In September, the European Court of Justice (ECJ) rejected complaints filed by Slovakia and Hungary against a mandatory quota to accept asylum seekers, established as part of efforts to resettle arriving refugees more equally across the EU.
The court’s decision is final and not open to appeal. As a result, European officials will continue to be able to order member state governments to take in specific quotas of refugees entering the bloc.
The security situation has never been that bad in Europe than currently in modern history and the threat of terror has never been that serious as it is currently, and this is a direct consequence of the fact that 1.5 illegal migrants were allowed to come to Europe without any kind of control, regulation or check...
Budapest condemned the court ruling as “appalling and irresponsible”, saying the EU will pay for its security fence with Serbia. Hungary’s foreign minister, Peter Szijjarto, reportedly said: “This decision jeopardises the security and future of all of Europe. Politics has raped European law and values.”
So is Hungary willing to play by the EU’s rules? And with increasing criticism of the country’s immigration policies and concerning freedom of speech, does Hungary really share the EU’s values?
“I think [the criticism] it’s extremely unfair because there’s an issue where we don’t agree – definitely. We think illegal migration is a security threat to Europe. Others say that illegal migration is acceptable. We don’t think it’s acceptable. But that should not give the reason to anyone to question whether Hungary respects European values or not because we have been members of the European Union … We share the European regulations, and we share the European values, of course,” Peter Szijjarto, Hungary’s foreign minister, tells Al Jazeera.
Responding to criticism that his country isn’t living up to its treaty obligations of accepting more refugees, Szijjarto tells Al Jazeera:
“Hungary has always fulfilled all the obligations we have on an international level. When the migrants came to Hungary, we have offered them the supply and treatment which is written in the international contracts and regulations. But those people were not ready to go to refugee camps, those people occupied public areas, those people blocked the highways, those people occupied the railway stations … They refused to cooperate with the local authorities, they refused to go to the refugee camps, and they have violated very important European regulations …”
Hungary’s foreign minister calls illegal migration a “bad phenomenon” and believes the migrant issue is to blame for the security threat facing Europe.

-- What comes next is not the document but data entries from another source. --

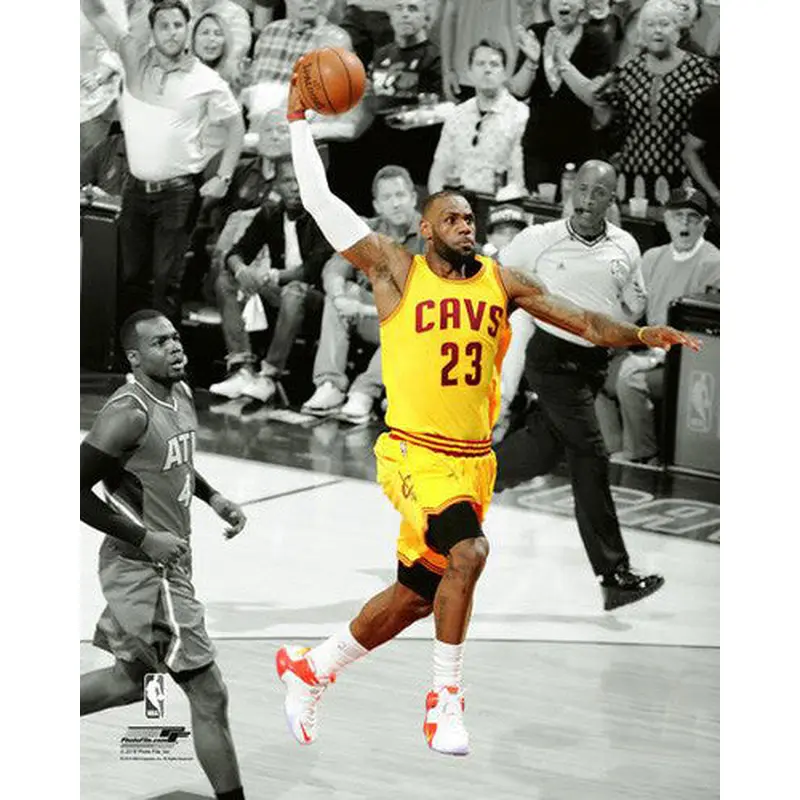 LeBron James "Flight 23" (2016) Cleveland Cavaliers Premium Poster Print - Photofile 16x20
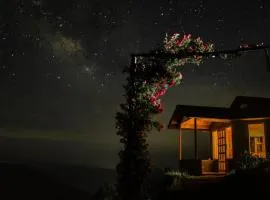 The Peak-Mystic Wilderness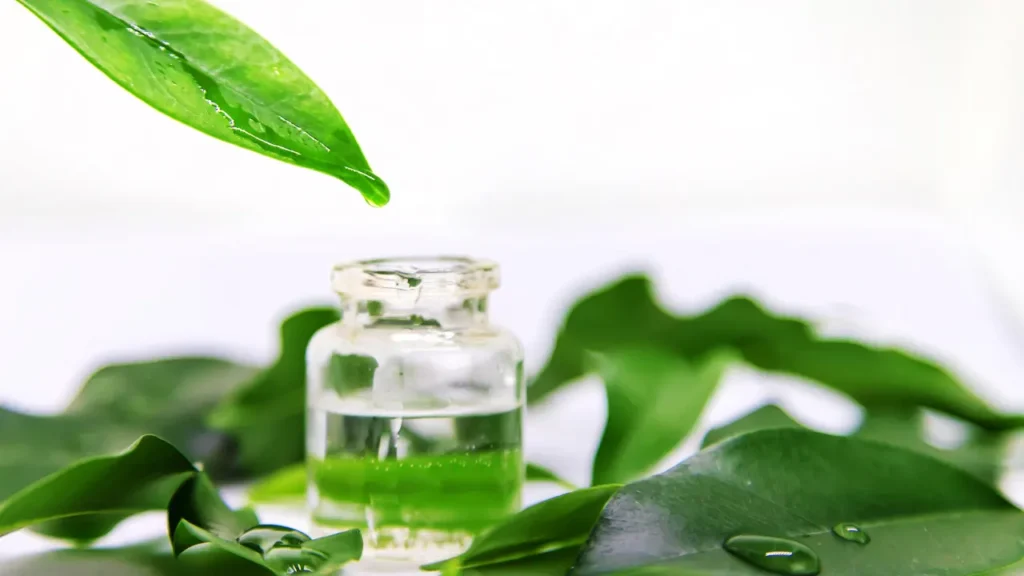 Tea tree oil for healthy skin. 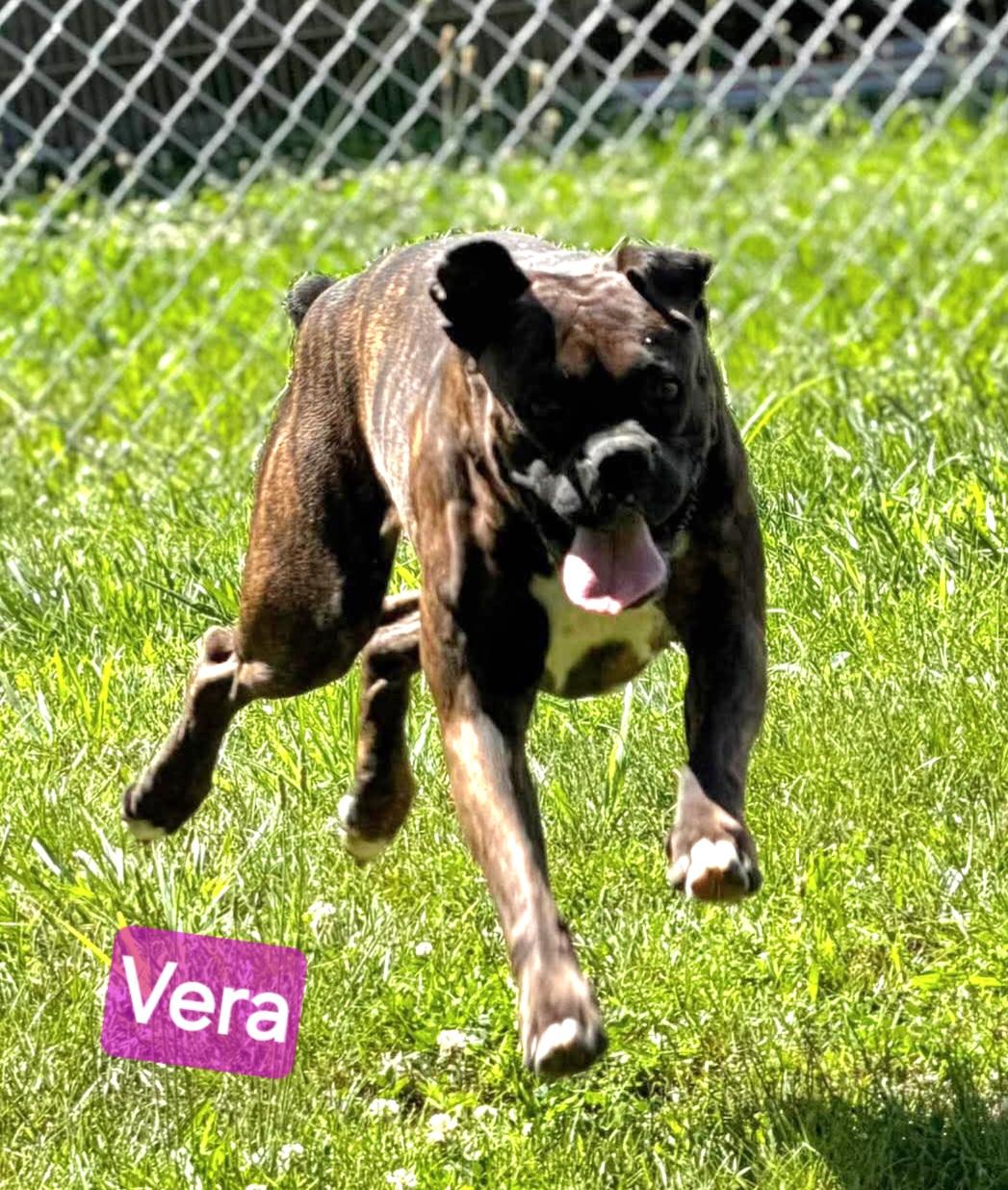 Vera, a ADOPTABLE Boxer in Wheelersburg, OH image 5/5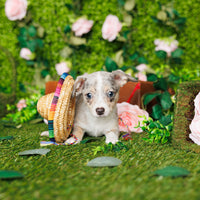 Chihuahua - Loki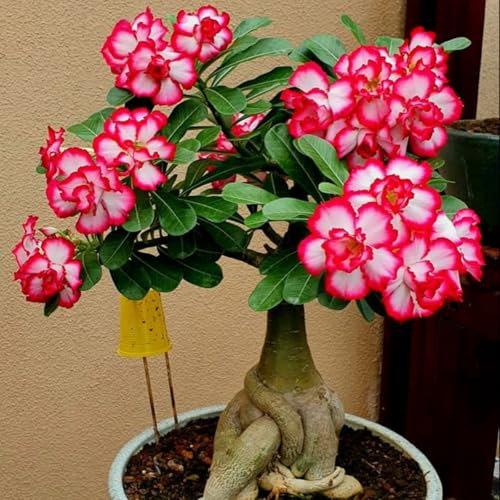 Rosa Del Deserto, Pianta Viva - Fiori Vivaci - Perenne Resistente - Pianta D'Appartamento Di Base - Adatta Per Giardini Domestici E Decorazioni D'Interni-2 bulbi-E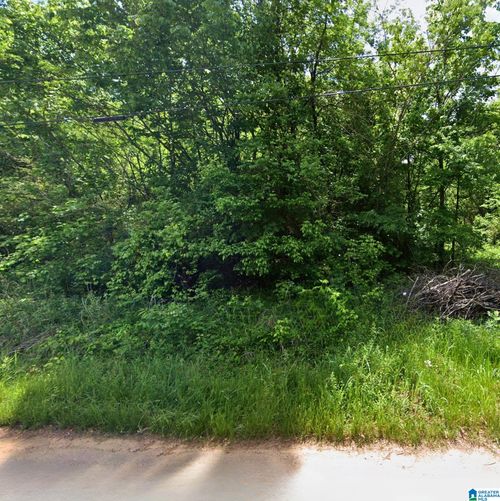 28-224 Pine St Sw, Bessemer, AL, 35022-4773 | Card Image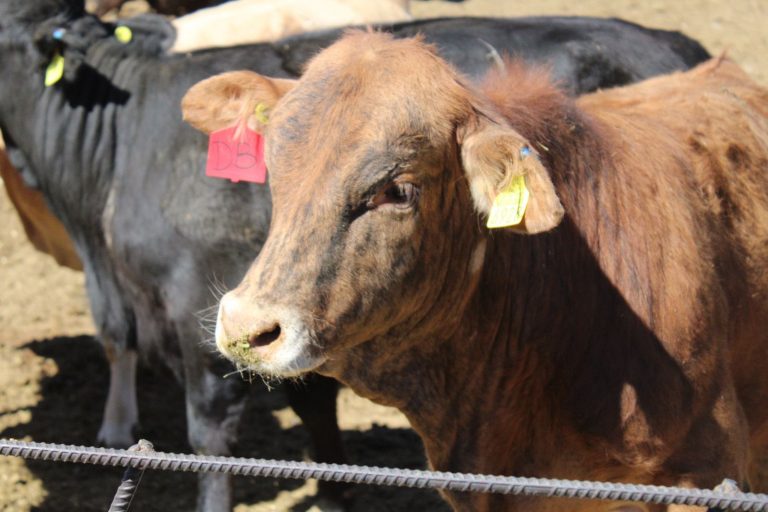 Respalda Estado a productores ganaderos con adquisición de Seguro Pecuario Multirriesgo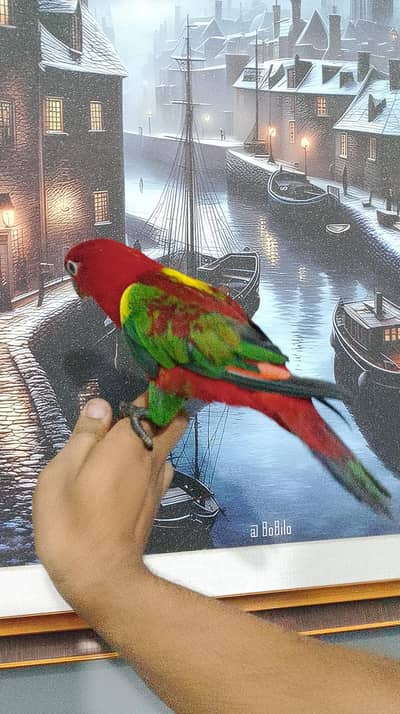 beautiful chattering lorry lories Lori lorikeet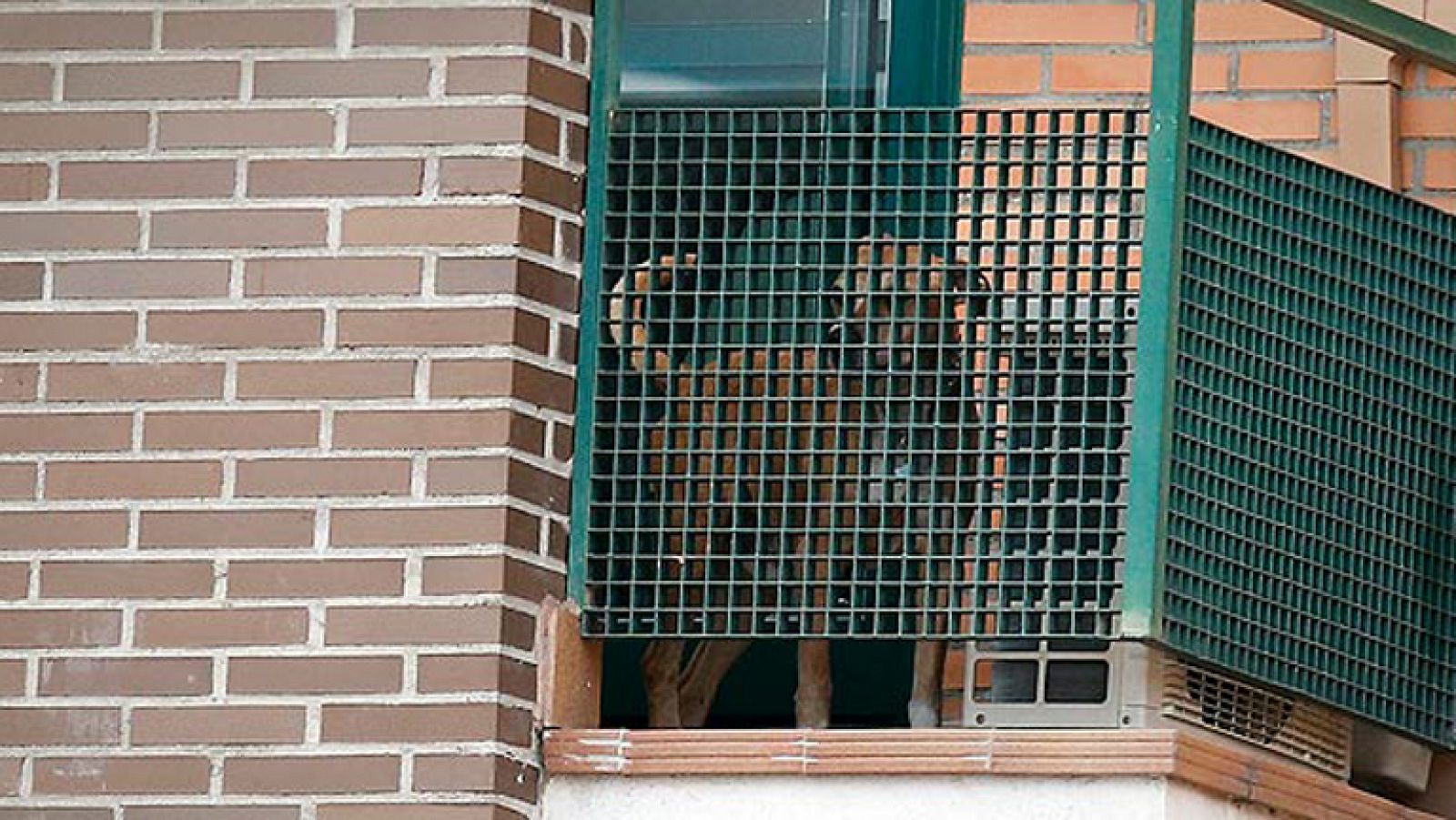 El perro de la infectada de ébola es sacrificado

“The security situation has never been that bad in Europe than currently in modern history and the threat of terror has never been that serious as it is currently, and this is a direct consequence of the fact that 1.5 illegal migrants were allowed to come to Europe without any kind of control, regulation or check. And with this, I don’t say that those 1.5 million are terrorists – of course, I don’t say that – but I say such a big, illegal massive influx of people gave the opportunity for terrorist organisations to send their fighters, their terrorists to come to Europe.”
“Our position is that we should not encourage more people to take the life hazard, life risk to come to Europe, but we should help them to stay as close to their homes as possible. That’s why our initiative has always been to give more financial aid to Turkey, Jordan, Lebanon, the Kurdish region of Iraq because these entities have been taking care of many refugees,” Szijjarto says.
Despite disagreements and controversy, Szijjarto says Hungary is committed to staying in the EU: “We have been members of the European Union and we will be members of the European Union – that’s not a question, no one raises this question.”